Predicting Real Estate Prices
Machine Learning for predicting Spanish real estate prices.
This post is discusses machine learning model selection and performance assessment for prediction Spanish real estate prices. More specifically, in this post we compare different models based on their prediction performance on our real estate data. This post also elaborates on the workings of the Gradient Boosting model.
This post then concludes with an explanation of the best model’s performance, and the hyperparameters that led to the best model.
This post proceeds as follows:
- Feature Pre-Processing
- Model selection and specification
- Model Results
- Conclusion
01 Feature Pre-Processing
Before proceeding with any kind of prediction model, it is important to spend some time with pre-processing the features. This helps the model get as much information as possible from the data. In earlier posts we explored and explained all of our basic features and more advanced features.
While extracting these features, we saw that there were quite a few outliers which could be potentially problematic for the model. This is important to note because the decision tree models used here, in contrast to what is commonly believed, are not immune to the effects of outliers. After thorough inspection of the data and exclusion of the observations deemed outliers, the number of observations was reduced from 40,733 to 40,243 - a drop of roughly 500 observations.
The features used for training these prediction models are the following:
- No. of Bedrooms
- No. of Bathrooms
- Dummy variable for whether property has a pool
- No. of Square Meters
- Longitude of the City
- Latitude of the City
- Cluster Grouping variable
- How many Metropolis cities within 30km radius
- How many Large cities within 30km radius
- How many Medium cities within 30km radius -Dummy for whether cities is listed as “quality” city from a leading tourist website
- How far away a city with more than 100k habitats is (in km)

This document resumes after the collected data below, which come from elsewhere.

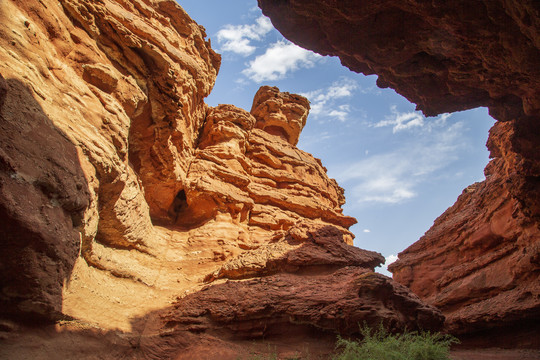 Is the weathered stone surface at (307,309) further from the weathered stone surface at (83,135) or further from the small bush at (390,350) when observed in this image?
the weathered stone surface at (83,135)

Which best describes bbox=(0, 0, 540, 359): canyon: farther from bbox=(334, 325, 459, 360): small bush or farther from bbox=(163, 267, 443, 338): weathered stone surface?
bbox=(334, 325, 459, 360): small bush

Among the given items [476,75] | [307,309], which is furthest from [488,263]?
[307,309]

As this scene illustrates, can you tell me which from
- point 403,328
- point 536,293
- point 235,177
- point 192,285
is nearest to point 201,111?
point 235,177

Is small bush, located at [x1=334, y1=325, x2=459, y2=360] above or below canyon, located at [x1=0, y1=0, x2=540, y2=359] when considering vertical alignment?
below

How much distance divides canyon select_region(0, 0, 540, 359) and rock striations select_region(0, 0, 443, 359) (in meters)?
0.04

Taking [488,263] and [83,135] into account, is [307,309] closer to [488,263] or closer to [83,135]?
[83,135]

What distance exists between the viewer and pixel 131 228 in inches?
369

- Average temperature over the last 30 years
- Average total precipitation over the last 30 years
- Average wind speed over the last 30 years
- Average air pressure of the last 30 years In order to get a feeling for these variables, we take a deeper look into the continuous variables of the features listed above.

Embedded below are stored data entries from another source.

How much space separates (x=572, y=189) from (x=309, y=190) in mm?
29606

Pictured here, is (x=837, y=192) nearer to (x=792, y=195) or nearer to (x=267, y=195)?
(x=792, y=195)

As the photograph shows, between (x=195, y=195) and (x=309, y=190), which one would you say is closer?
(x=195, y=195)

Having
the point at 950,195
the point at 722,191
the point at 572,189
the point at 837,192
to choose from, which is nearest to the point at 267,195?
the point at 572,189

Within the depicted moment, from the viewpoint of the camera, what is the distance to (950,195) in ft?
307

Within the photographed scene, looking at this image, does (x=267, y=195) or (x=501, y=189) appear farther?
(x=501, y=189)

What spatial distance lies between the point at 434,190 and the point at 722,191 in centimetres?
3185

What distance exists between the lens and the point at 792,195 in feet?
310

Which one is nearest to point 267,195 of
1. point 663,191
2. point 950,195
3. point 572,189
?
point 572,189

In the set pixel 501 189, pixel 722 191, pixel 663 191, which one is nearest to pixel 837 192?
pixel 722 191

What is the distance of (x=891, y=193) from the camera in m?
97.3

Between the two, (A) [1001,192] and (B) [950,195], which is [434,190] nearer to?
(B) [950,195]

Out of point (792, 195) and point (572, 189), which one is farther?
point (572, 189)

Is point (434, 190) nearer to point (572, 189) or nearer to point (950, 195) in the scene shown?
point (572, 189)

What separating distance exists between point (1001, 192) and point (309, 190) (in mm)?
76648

Looking at the plots, we see that many of them (especially the dependent variable: Price) exhibits a large amount of skewness. In order to work around this unfavorable distribution, we apply logs on all continuous variables. The goal of using logs is to “squish” more extreme values closer to the rest of the data. This step within the pre-processing is favored by nearly all statistical model in case of very high or low skewness.

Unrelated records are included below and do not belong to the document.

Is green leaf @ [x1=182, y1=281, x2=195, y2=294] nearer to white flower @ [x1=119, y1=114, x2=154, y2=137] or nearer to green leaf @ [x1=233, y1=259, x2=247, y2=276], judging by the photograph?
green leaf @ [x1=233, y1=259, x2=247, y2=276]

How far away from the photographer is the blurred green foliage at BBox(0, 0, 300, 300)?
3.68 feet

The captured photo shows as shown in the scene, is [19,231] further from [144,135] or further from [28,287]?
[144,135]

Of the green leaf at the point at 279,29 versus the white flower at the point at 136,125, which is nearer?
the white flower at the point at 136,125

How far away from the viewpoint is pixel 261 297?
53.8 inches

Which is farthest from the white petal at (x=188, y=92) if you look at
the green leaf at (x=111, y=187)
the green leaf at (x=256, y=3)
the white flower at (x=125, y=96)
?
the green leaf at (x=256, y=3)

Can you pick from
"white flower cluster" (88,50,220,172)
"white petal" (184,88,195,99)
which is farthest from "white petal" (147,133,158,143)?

The figure below shows nicely the effect of the natural logarithm. Especially the Price variable (which exhibited the most extreme skewness before) shows a significantly improved shape. Other variables like the average air pressure may still show a skewed distribution, but the relative difference in the more extreme values is not as daunting as before applying logs.
For the upcoming prediction models, we are proceeding with the log version of the continuous variables.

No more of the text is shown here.